DIRECTIONS FOR THIS TASK ▸
The copy has to match the data exactly and leave out every picture.

DATA SECTION ▸
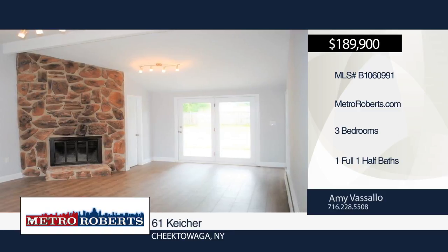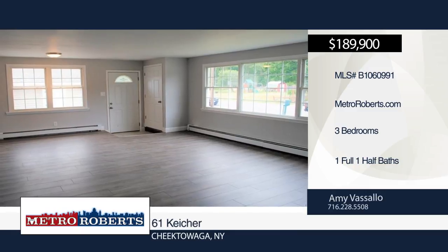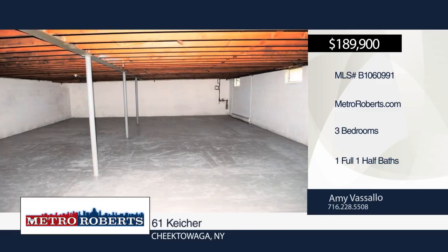The kitchen has quartz countertops, ceramic backsplash, new Amana stainless steel appliances, large living room dining room combo in the front of the home, and a full bath and spa shower head, ceramic tiles and quartz vanity.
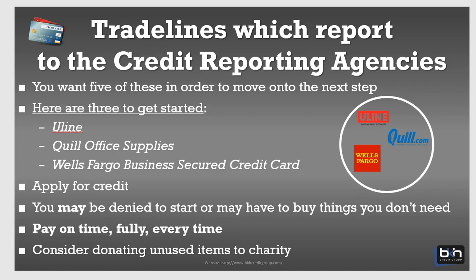Apply for that credit. Keep in mind you may be denied to start, or you may have to buy some things you don't need. If you buy something you don't need — say from Uline — donate those things to charity and you can write them off. But if you are approved for these accounts, just make sure you pay on time.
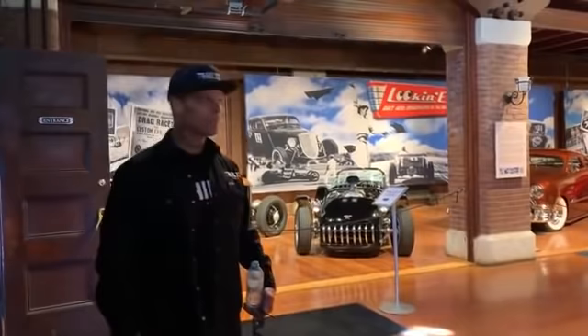We're here at the Lars Andersen Auto Museum, and there's more here than just cars.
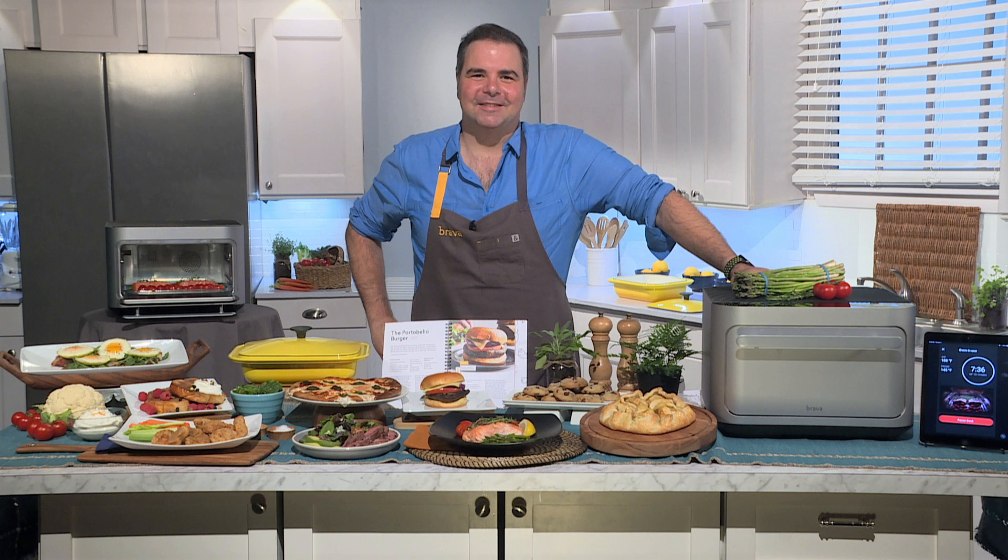So, you know, the warmer weather is coming up. The last thing that we want to do is get stuck in the kitchen for hours on end. Even chefs don't want to be slave to the kitchen when it's beautiful outside like this. So how about making your kitchen work for you instead of the other way around? Chef George Duran is with us once again, and Chef Duran, thanks for taking the time to talk with us this morning about something that is a new technology in the kitchen called the pure light cooking technology. What is this?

RESPONSE TO THIS EXERCISE ▸
The kitchen has quartz countertops, ceramic backsplash, new Amana stainless steel appliances, large living room dining room combo in the front of the home, and a full bath and spa shower head, ceramic tiles and quartz vanity.
Apply for that credit. Keep in mind you may be denied to start, or you may have to buy some things you don't need. If you buy something you don't need — say from Uline — donate those things to charity and you can write them off. But if you are approved for these accounts, just make sure you pay on time.
We're here at the Lars Andersen Auto Museum, and there's more here than just cars.
So, you know, the warmer weather is coming up. The last thing that we want to do is get stuck in the kitchen for hours on end. Even chefs don't want to be slave to the kitchen when it's beautiful outside like this. So how about making your kitchen work for you instead of the other way around? Chef George Duran is with us once again, and Chef Duran, thanks for taking the time to talk with us this morning about something that is a new technology in the kitchen called the pure light cooking technology. What is this?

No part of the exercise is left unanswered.